Tuesday, November 20, 2018

Getting the right question is half the battle

I return once again to one of my favorite sayings, by Stephen Covey, who said (I'm paraphrasing): sharpen the saw before you start cutting the wood.  It's a really simple thought - do the right things to prepare before you start a big task, but we lose sight of what adequate preparation looks like in so many activities.  There are several reasons for this.

First, many corporate activities are second nature.  We know how to do them by heart, so preparation feels like wasted time.  Second, we are used to last minute requests for information that don't seem to allow time to think or prepare.  This way of working has become second nature.  Third, in a very time bound and time restricted world, preparation doesn't always feel like value added time.  It can easily feel like time that was lost.  Fourth, time spent in preparation calls into question the knowledge and capabilities of the individual or team.  Shouldn't they already know this stuff?  Thus it is that so many non-standard corporate activities and projects end up with poor preparation, later lamenting the fact that if only they'd taken more time to prepare, they would have done a much better job.

Everything I've written to this point is true about just about any corporate task that isn't a regular, regularly repeated task, but it is especially true about innovation.  And while we could spend the next few minutes exploring the concept of learning about innovation tools and methods, or spending time doing deep exploratory research or discovery, I'm going to spend my time today on one of the most important preparatory activities - getting to the right question.

The Right Question

The reality is that once a framework or goal is established, everything you do is restricted or enabled by that question or framework.  I was participating in a strategic planning session recently when I witnessed first hand how much a poorly thought out question can derail a good working session.

Something as simple as how a question was worded left the team perplexed and confused.  Was the purpose to explore how to generate more revenue, or more profit?  Was the purpose to create really differentiated products, or should the team explore alternative solutions - business models, experiences and channels?  Since the question was not thought out in advance and did not align to the work that was being done, it caused more confusion than it created clarity.

The concept of a really well defined question is so important that Warren Berger wrote a book about it.  He calls this book A More Beautiful Question.  Getting the correct context, purpose and intent in a question or framing provides direction for any team, but especially for an innovation team.  If you need more proof about the importance of getting the framing right, go back to Einstein.

Einstein was asked:  if you had an hour to solve a difficult problem, how would you spend that hour?  Einstein replied:  I'd spend the first 55 minutes thinking about the problem and the last five minutes generating a solution (again paraphrasing). 
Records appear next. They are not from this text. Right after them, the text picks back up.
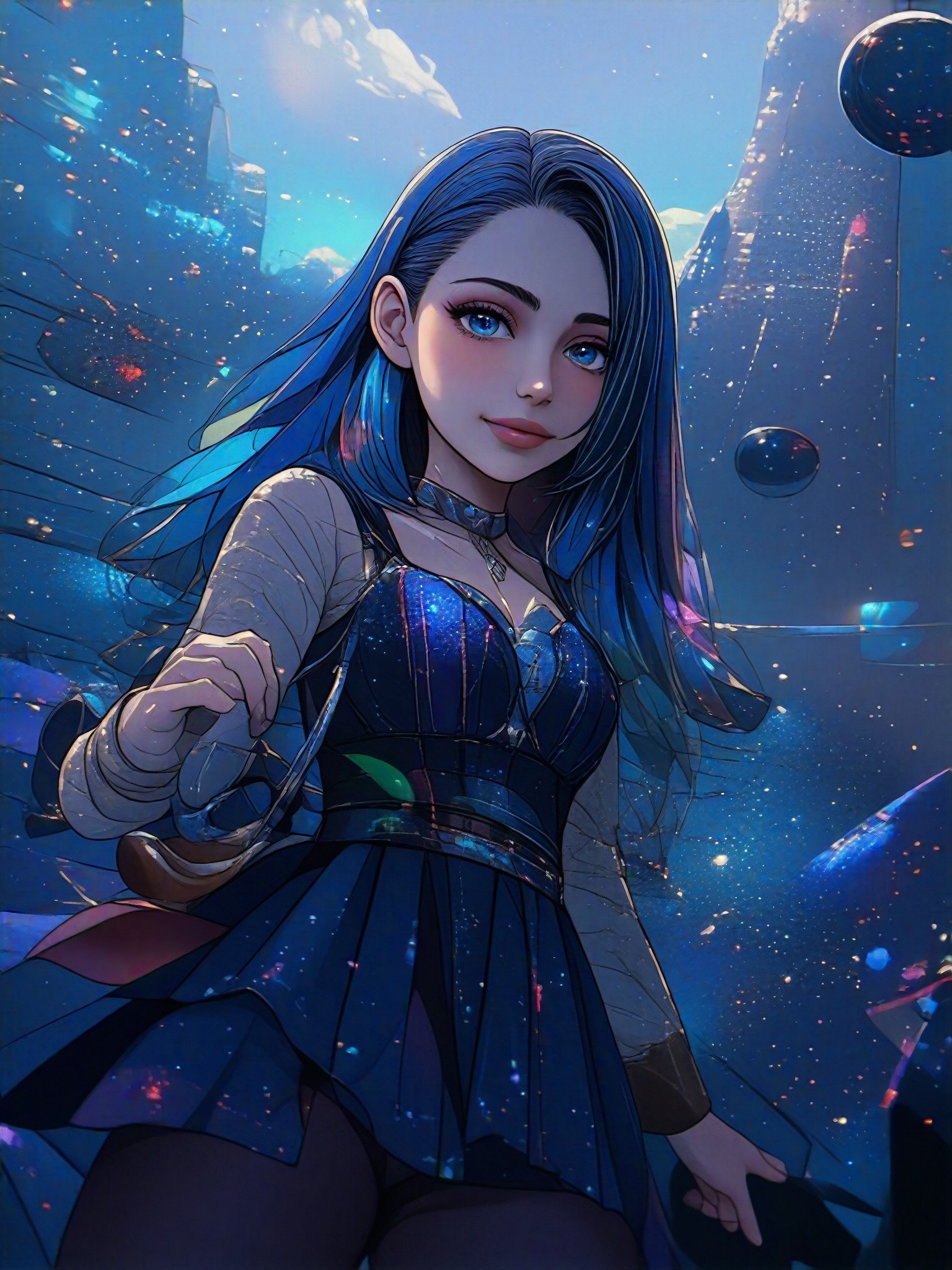 Starry Sky Theme Cartoon Stylish image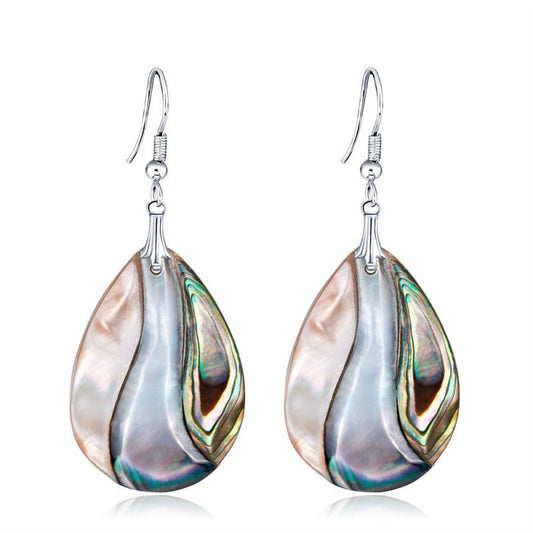 European And American Natural Abalone Shell Series Earrings, Ladies Temperament Earrings-Jewearrings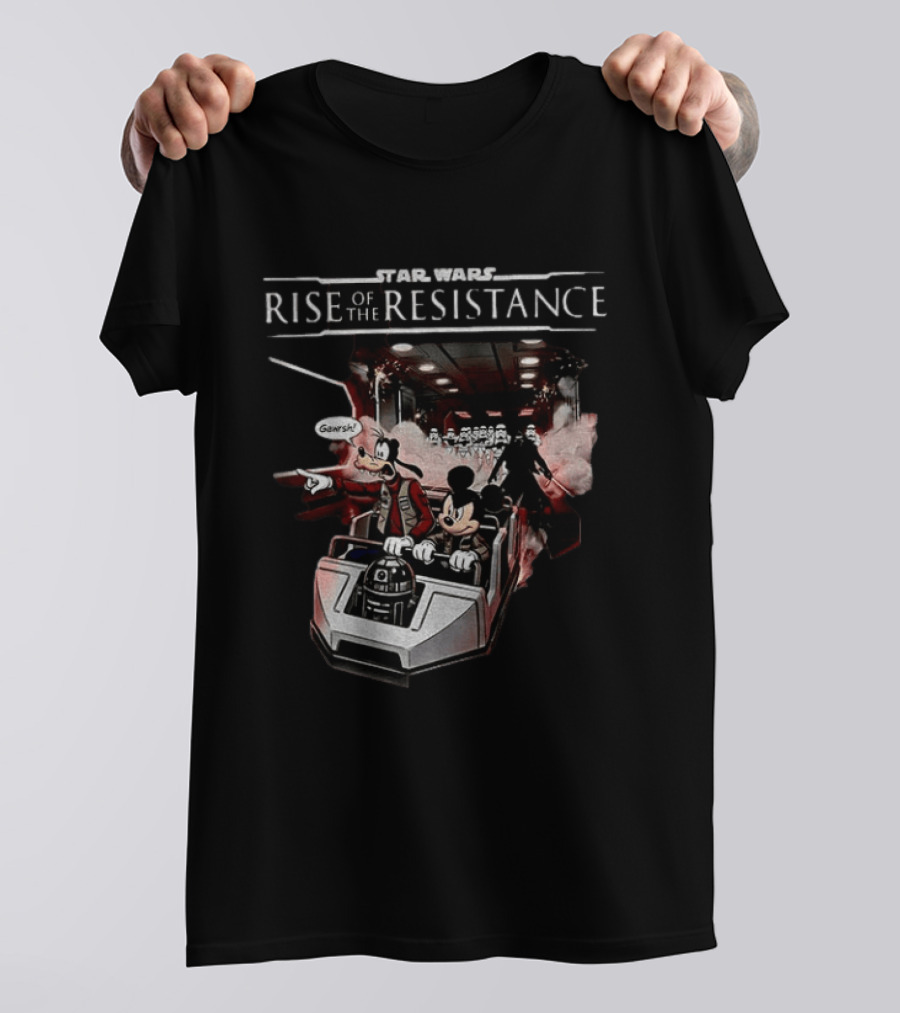 Star Wars Rise Of The Resistance Mickey Goofy Disney Adventure T-Shirt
Generally Applicable Everywhere

Unlike a lot of other tools and methods, stopping to get the question right is an approach that is useful and applicable to almost any business activity that is new or unusual, whether the topic is growth, innovation, a significant course correction or something else.  Yet this is another capability that we simply do not teach, do not practice and do not appreciate.

For innovators, getting the question right helps shape the activity, the anticipated impact and the potential range of outcomes.  For example, if I phrase my need or question as:  How might we create new types of food that require less water, I'm likely to generate ideas about plants that need less water to grow.  If I phrase my question as:  How might we reduce water usage throughout the food value chain, I may receive ideas about more drought tolerant plants, but also methods to reduce water usage in food cleaning and in food production.

A simple primer

You've probably noticed a few things about these questions.  First, I started them with a "How might we".  How might we is an aspirational opening, seeking to find viable alternatives.  Use this instead of "Can we", which suggest we might not be able to find such alternatives.  How might we is also inclusive, seeking ideas from everyone (the "we") in the phrase.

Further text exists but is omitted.